7. A judgment of acquittal has the obvious consequence of granting freedom to the accused. This Court has taken a consistent view that unless the

judgment in appeal is contrary to evidence, palpably erroneous or a view which could not have been taken by the court of competent jurisdiction

keeping in view the settled canons of criminal jurisprudence, this Court shall be reluctant to interfere with such judgment of acquittal.

8. The penal laws in India are primarily based upon certain fundamental procedural values, which are right to fair trial and presumption of

innocence. A person is presumed to be innocent till proven guilty and once held to be not guilty of a criminal charge, he enjoys the benefit of such

presumption which could be interfered with only for valid and proper reasons. An appeal against acquittal has always been differentiated from a

normal appeal against conviction. Wherever there is perversity of facts and/or law appearing in the judgment, the appellate court would be within

its jurisdiction to interfere with the judgment of acquittal, but otherwise such interference is not called for.

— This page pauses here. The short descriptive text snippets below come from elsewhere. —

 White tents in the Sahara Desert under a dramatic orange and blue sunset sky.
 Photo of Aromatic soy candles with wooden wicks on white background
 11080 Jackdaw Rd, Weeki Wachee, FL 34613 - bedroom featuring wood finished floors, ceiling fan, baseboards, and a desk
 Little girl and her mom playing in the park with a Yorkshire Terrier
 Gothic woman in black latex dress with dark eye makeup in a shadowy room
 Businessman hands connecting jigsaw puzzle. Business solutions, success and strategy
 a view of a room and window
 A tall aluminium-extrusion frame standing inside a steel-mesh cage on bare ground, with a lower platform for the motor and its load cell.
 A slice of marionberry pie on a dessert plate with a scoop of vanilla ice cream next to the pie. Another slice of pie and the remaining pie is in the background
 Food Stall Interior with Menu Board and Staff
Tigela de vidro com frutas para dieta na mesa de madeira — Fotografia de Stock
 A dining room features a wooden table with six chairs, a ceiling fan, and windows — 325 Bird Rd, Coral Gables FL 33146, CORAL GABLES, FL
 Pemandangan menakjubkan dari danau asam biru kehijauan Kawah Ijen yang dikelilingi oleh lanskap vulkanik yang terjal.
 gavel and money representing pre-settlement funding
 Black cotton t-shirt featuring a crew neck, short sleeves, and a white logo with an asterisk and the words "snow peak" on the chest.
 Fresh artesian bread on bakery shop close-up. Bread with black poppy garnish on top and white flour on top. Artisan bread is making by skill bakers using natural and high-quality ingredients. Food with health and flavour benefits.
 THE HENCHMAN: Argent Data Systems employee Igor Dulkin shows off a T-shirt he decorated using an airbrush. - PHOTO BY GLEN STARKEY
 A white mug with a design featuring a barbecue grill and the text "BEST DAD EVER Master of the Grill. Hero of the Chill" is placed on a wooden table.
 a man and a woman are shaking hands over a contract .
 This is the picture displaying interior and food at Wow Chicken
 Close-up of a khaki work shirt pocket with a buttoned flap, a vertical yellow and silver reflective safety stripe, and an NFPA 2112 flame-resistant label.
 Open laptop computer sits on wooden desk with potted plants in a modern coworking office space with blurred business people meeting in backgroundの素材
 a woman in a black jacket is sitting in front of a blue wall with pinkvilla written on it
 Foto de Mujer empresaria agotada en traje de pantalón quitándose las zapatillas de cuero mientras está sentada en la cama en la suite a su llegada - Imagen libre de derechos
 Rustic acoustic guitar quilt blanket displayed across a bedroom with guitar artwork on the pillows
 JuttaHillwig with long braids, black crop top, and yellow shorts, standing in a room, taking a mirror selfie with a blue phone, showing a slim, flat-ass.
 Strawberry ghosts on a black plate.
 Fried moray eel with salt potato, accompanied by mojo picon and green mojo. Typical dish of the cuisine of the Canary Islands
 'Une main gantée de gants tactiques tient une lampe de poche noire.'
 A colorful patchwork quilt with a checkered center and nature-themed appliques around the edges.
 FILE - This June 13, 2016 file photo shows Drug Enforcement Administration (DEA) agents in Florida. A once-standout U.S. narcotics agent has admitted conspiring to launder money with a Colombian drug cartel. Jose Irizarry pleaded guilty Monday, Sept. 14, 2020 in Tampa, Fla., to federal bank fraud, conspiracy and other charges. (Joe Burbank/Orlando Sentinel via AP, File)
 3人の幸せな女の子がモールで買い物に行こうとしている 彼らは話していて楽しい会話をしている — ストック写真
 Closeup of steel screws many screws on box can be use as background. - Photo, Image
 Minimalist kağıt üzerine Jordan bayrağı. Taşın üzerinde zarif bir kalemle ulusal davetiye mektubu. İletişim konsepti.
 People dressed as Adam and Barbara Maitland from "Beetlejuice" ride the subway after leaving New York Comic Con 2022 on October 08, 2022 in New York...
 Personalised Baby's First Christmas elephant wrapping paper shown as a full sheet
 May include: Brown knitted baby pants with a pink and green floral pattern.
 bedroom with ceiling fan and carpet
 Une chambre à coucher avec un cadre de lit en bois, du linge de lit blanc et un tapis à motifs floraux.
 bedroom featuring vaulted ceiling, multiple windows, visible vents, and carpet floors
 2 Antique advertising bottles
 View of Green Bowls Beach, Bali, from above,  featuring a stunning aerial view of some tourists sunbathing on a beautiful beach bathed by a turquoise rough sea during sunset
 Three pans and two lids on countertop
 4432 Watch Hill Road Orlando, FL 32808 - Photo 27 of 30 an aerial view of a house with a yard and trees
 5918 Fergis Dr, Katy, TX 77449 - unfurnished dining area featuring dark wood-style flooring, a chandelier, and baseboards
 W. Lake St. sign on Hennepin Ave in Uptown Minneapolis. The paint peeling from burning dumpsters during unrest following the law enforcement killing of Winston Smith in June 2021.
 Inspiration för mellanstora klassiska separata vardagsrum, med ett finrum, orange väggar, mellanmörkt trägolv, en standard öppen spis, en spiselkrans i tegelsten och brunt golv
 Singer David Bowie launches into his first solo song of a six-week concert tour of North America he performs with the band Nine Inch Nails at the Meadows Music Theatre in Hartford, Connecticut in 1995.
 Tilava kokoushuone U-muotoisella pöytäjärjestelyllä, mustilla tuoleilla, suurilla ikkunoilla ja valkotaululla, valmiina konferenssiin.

11. Thereafter, in the above case a large number of judgments were discussed and then it was opined as under:-

10. There is a very thin but a fine distinction between an appeal against conviction on the one hand and acquittal on the other. The preponderance

of judicial opinion of this Court is that there is no substantial difference between an appeal against conviction and an appeal against acquittal except

that while dealing with an appeal against acquittal the Court keeps in view the position that the presumption of innocence in favour of the accused

has been fortified by his acquittal and if the view adopted by the High Court is a reasonable one and the conclusion reached by it had its grounds

well set out on the materials on record, the acquittal may not be interfered with. Thus, this fine distinction has to be kept in mind by the Court while

exercising its appellate jurisdiction. The golden rule is that the Court is obliged and it will not abjure its duty to prevent miscarriage of justice, where

interference is imperative and the ends of justice so require and it is essential to appease the judicial conscience.

12. Learned counsel for the applicant has failed to show any error of law or on facts on the basis of which interference can be made by this Court

in the judgment under challenge.

13. There is also a delay of 96 days in filing the appeal. No plausible ground has been mentioned in the application for condoning the delay.

14. As such, application for leave to appeal is dismissed on merit as well on account of delay.

15. However, the applicant will be at liberty to approach the Civil Court to pursue his remedy.